# Goal of the exercise:
When you reach the line containing "19206 Bloss Ave, Hilmar, CA 95324 - Photo 15", start transcribing exactly and continue through the last line of the data, skipping every picture.

# Information shown:
····················

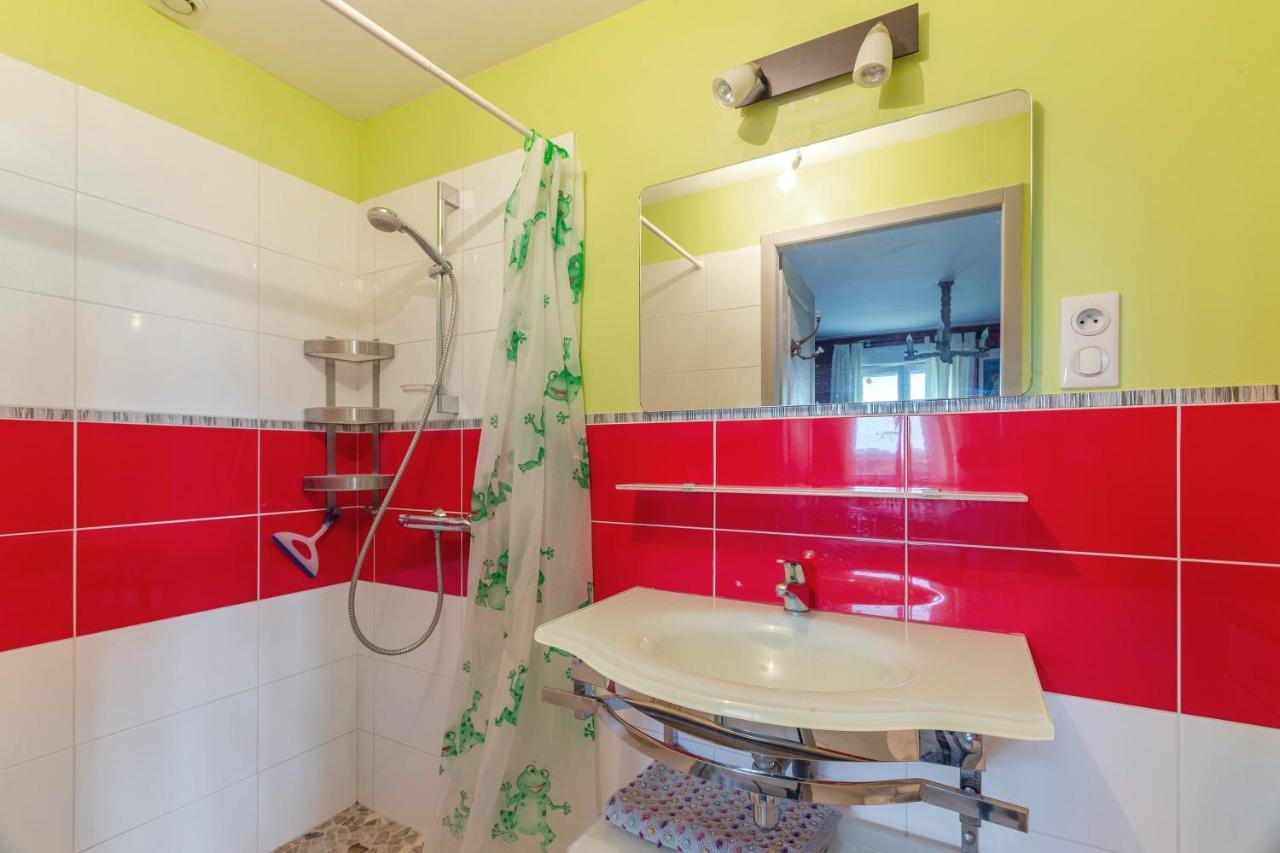 Appartement Accueillant A Mortagne Sur Gironde 45 M² Terrasse Ngoại thất bức ảnh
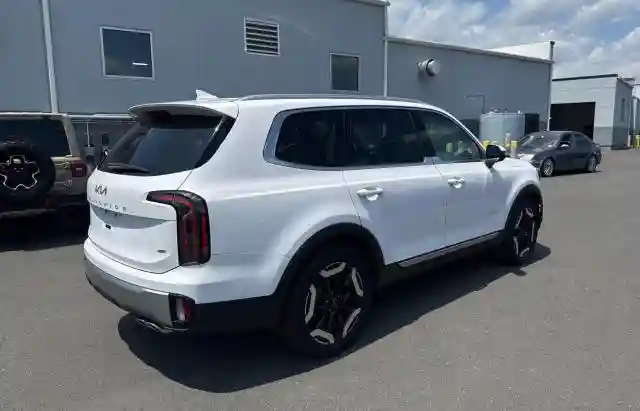 5XYP3DGC9PG338742 2023 KIA TELLURIDE-3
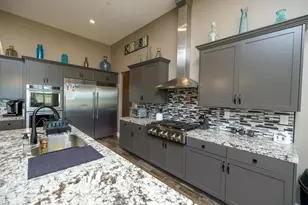 19206 Bloss Ave, Hilmar, CA 95324 - Photo 15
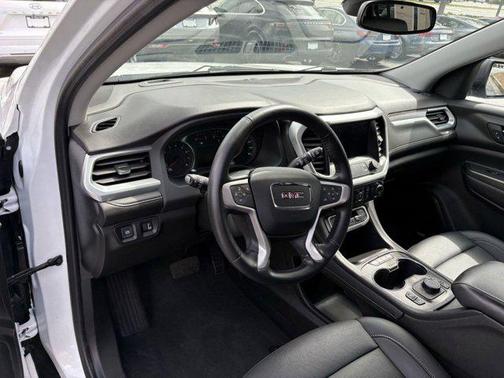 2022 GMC Acadia FWD SLT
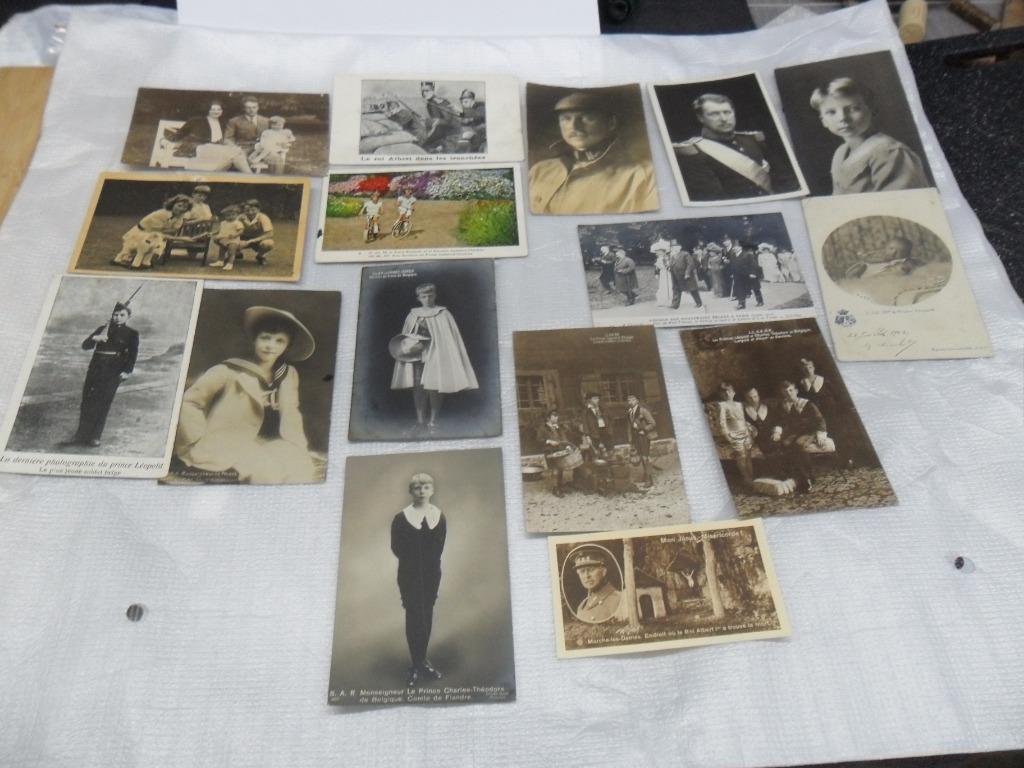 Vintage cartes postales sur la famille royale de Belgique, Collections, Enlèvement ou Envoi, Carte, Photo ou Gravure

····················

# Task answer:
 19206 Bloss Ave, Hilmar, CA 95324 - Photo 15
 2022 GMC Acadia FWD SLT
 Vintage cartes postales sur la famille royale de Belgique, Collections, Enlèvement ou Envoi, Carte, Photo ou Gravure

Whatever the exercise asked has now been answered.